Rose jeta un coup d'œil à sa voisine de table : une jeune fille élégante et avenante, aux cheveux bouclés et bruns, dont la peau était assez pâle. De fines taches de rousseur ornaient ses pommettes, et ses doux yeux bleus contemplaient l'agitation de la classe. Rose ne l'avait jamais vue avant, cette fille était sûrement nouvelle. Mais Rose avait prévu de passer l'année presque seule et de ne pas forcer le contact. Sa précédente expérience l'incitait à renoncer à n'importe quelle forme d'amitié à présent. Lors de l'été dernier, sa meilleure amie Agathe lui avait fait les pires coups. Après de longues années d'amitié, Agathe avait soudainement changé son comportement pour son petit copain, un certain Mathias. Poser un lapin à Rose un soir, la délaisser pour aller le voir, et raccrocher au téléphone, encore une fois pour appeler le fameux Mathias. Mi-août, elles avaient décidé de couper les ponts, et tant mieux. Cela faisait donc des semaines qu'elles ne s'étaient pas parlé. Comme elle détestait Agathe à présent ! Heureusement qu'elles ne s'étaient pas retrouvées dans la même classe. Devoir la croiser dans les couloirs est déjà de trop. Même si elle avait décidé de se concentrer sur le travail et non les relations amicales cette année, elle était très sociable et désirait découvrir qui était sa voisine de table. Alors pourquoi pas commencer la conversation ? Mais trop tard, le professeur fit irruption dans la salle.

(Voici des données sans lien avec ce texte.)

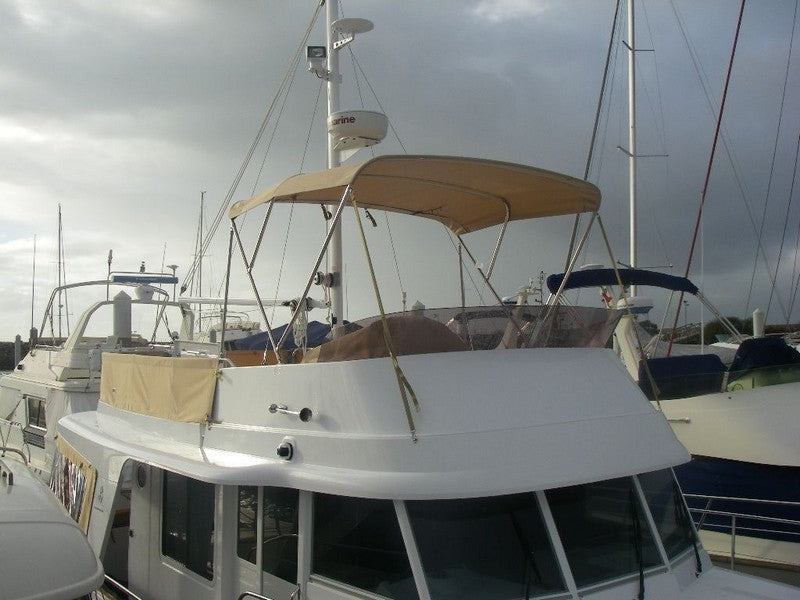 BIMINI SWIFT TRÅLER 34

Le premier cours passa lentement, le professeur principal avait présenté l'année de première – sans oublier de parler du fameux bac de français – puis leur a distribué toute la paperasse de rentrée sous laquelle les élèves allaient crouler pendant des semaines. La sonnerie retentit enfin, et Rose fut soulagée. Elle avait presque compté les minutes jusqu'à l'intercours. Elle se tourna vers sa voisine aux boucles brunes et engagea la conversation de manière classique. Celle-ci parut un peu surprise mais continua la conversation en se présentant.

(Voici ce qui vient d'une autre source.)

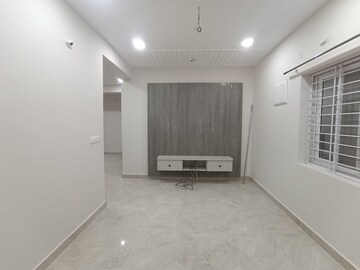 3 BHK Apartment For Rent in Kondapur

– Je suis Victoria, et toi ?

– Rose. Enchantée, j'ai cru comprendre que tu étais nouvelle, c'est bien ça ? Tu viens d'où ?

Et elles continuèrent à discuter pendant toute la pause. Elles n'ont pas beaucoup de points communs, mais s'entendent à merveille. À présent, les deux jeunes filles n'étaient plus seules.

La journée se termina aux alentours de dix-sept heures, et les élèves commencèrent à quitter le lycée. Victoria salua sa nouvelle amie et se dirigea vers le parking où l'attendait sa sœur. Âgée de dix-neuf ans, sa sœur Vera avait le permis et pouvait se permettre d'aller chercher Victoria en voiture lorsqu'elle n'avait pas cours. Ce qui arrangeait bien évidemment Victoria, qui devra prendre le bus quand Vera sera rentrée à la fac, à Lyon. Mine de rien, vivre dans le sud de la France et à Paris est très différent. Début septembre, il fait encore très chaud dans le sud, avec le bruit des cigales et la proximité de la mer méditerranée, on aurait encore l'impression d'être en vacances. On en oublie presque qu'on passe le bac de français à la fin de l'année. Or, à Paris, il fait bon mais on sent que l'arrivée de la déprime hivernale est proche. Victoria raconta sa première journée à sa sœur durant le trajet vers sa maison.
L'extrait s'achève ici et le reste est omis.